Ahora que el líder del PSC ha sido víctima de una agresión -poco grave pero sin embargo condenable, etc.- deberíamos plantearnos seriamente el propósito independentista. Quizá sea verdad y en la idea ‘independencia’ o ‘Estado propio’ para Cataluña hay un punto venenoso, un núcleo de horror y dolor, un hueso nauseabundo que nos pudrirá poco a poco a todos el entendimiento, y que transformará esta pacífica sociedad liberal y tecnológica en un delirio totalitario, en una tribu de ogros repugnantes dispuestos a matar y morir por su ideal.
Puede que la hipótesis independentista sea esencialmente perversa. Puede que el ideal de querer votar y decidir el futuro del país tiene un trasfondo maligno. Quizás es verdad que la prueba de reforma constitucional para dar una salida ordenada al proceso y construir un nuevo marco de relaciones con España tiene indefectiblemente una dinámica diabólica, que se comunica en los gestos, en las miradas, en las acciones y en los pensamientos. Vamos a comprobarlo.

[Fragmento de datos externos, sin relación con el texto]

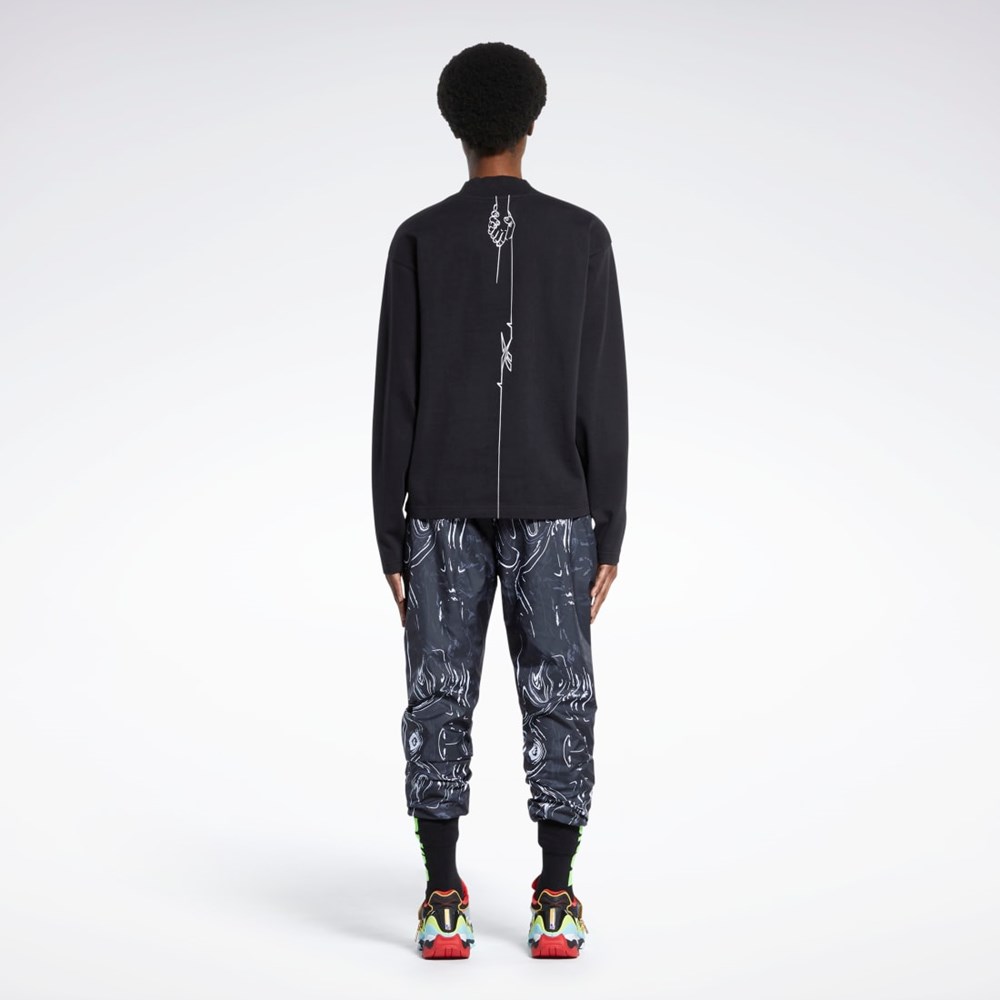 Reebok Reebok by Pyer Moss Long Sleeve Tee Mustat | OEIGVF-065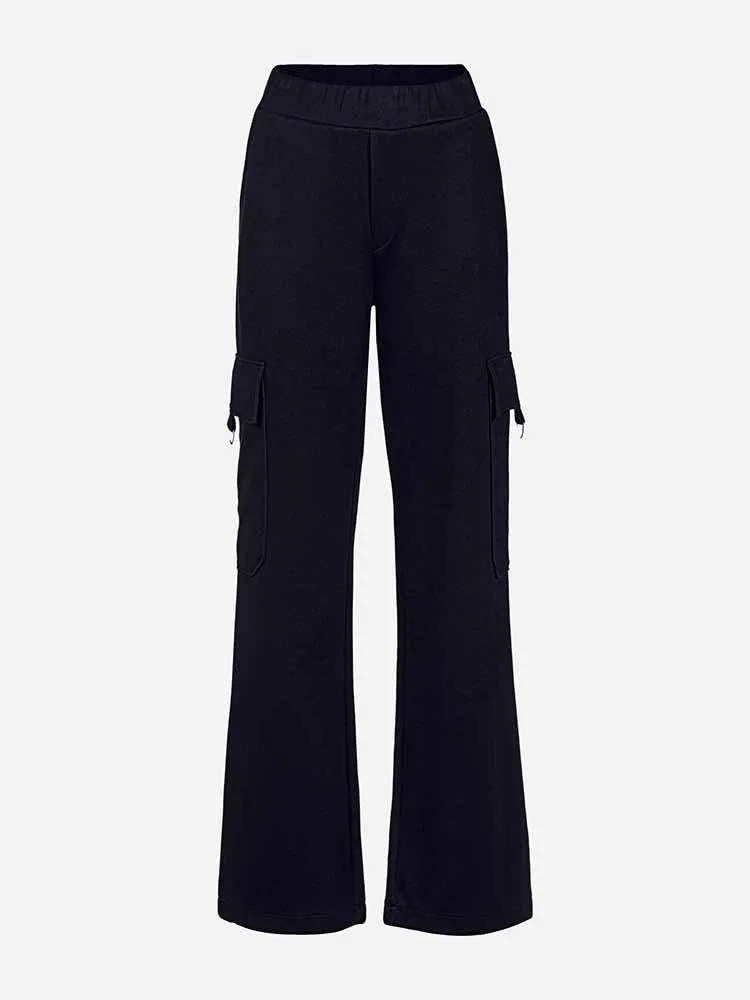 H Black Cargo Trousers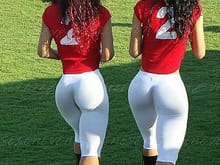 chicks in Panama at a cricket game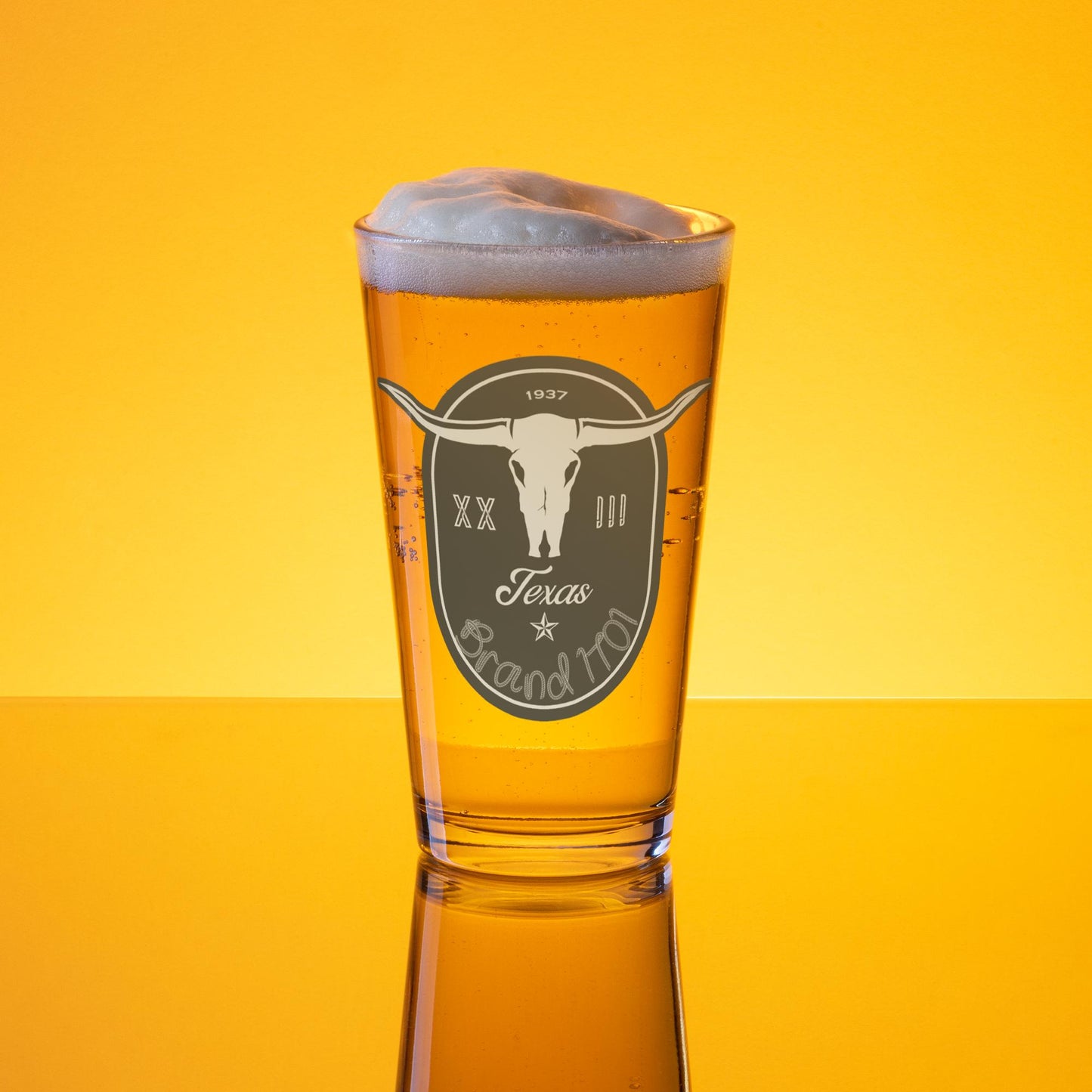 Rope Cattle Pint Glass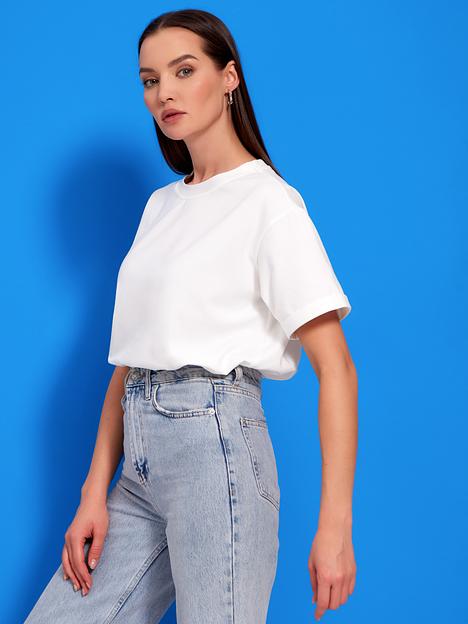 Футболка женская белая базовая фото 9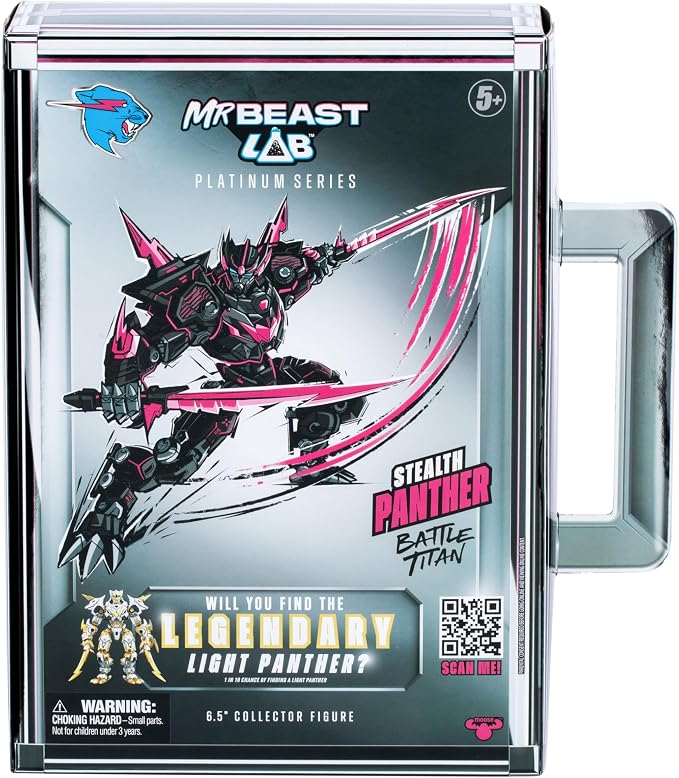 Mr Beast Lab Platinum Series Stealth Panther Battle Titan Figure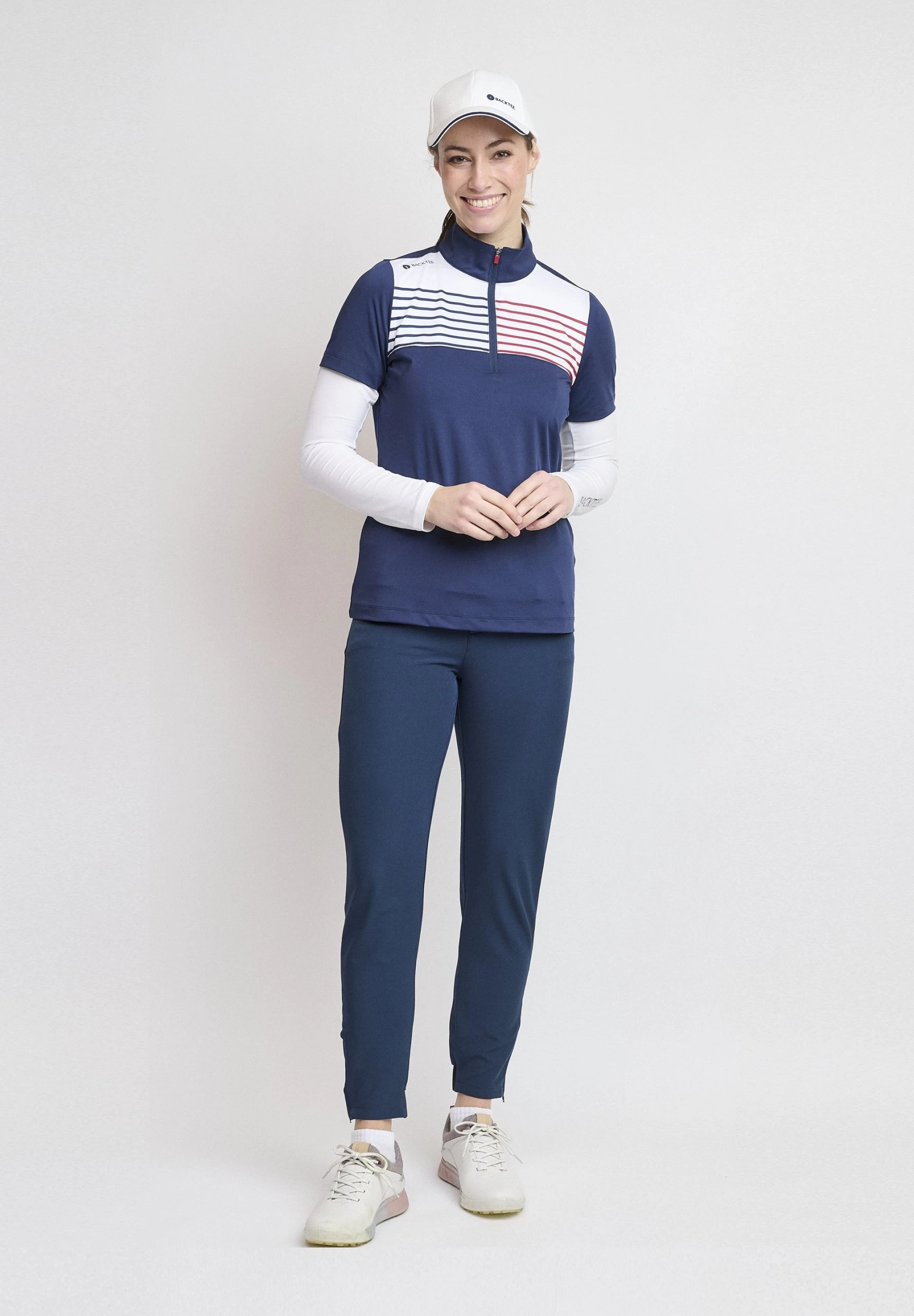Zip Golf - Poloshirt - Navy 2 Zip Golf - Poloshirt - Navy - Afbeelding 2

Cualquiera de ustedes puede hacer el experimento: diga en voz alta, delante del espejo, la palabra ‘Independencia’, o bien la palabra ‘Estado propio para Cataluña’, y ya verá cómo enseguida sus rasgos armónicos y su sonrisa equilibrada se transforman en una mueca repulsiva, pasará de ser el ilustrado doctor Jekyll a parecer Mr. Hyde, autor verdadero de crímenes horrorosos. El concepto ‘independencia’ tiene efectos secundarios, como mezclar el vino con los higos chumbos, como comerse el hígado de un oso, como abusar de la lectura de novelas de caballerías.
A mí este efecto se me reproduce de continuo, incluso cuando por accidente pronuncio la palabra ‘independencia’ -por ejemplo en la frase: ‘con independencia de lo que piense la suegra sobre mis albóndigas…’ -: el simple hecho de pronunciar esta palabra me distorsiona el entendimiento, me altera el tino, me desfigura la racionalidad, casi como la palabra ‘selfie’, que es capaz de provocar toda clase de accidentes de tráfico, ya que la gente se hace una foto al volante, muy feliz, la cuelga en Facebook y poco después se mata en un choque contra un camión de basura.
El concepto ‘independencia’ hace que tenga una insólita propensión a la halitosis, a vestir camisas negras, a taparme la cara con pañuelos rojos, a apretar el puño en un conato de violencia por el momento contenida, hasta que encuentre una mandíbula federalista o unionista donde desfogarme, dentro o fuera de casa, incluso en las mandíbulas de mi propia familia.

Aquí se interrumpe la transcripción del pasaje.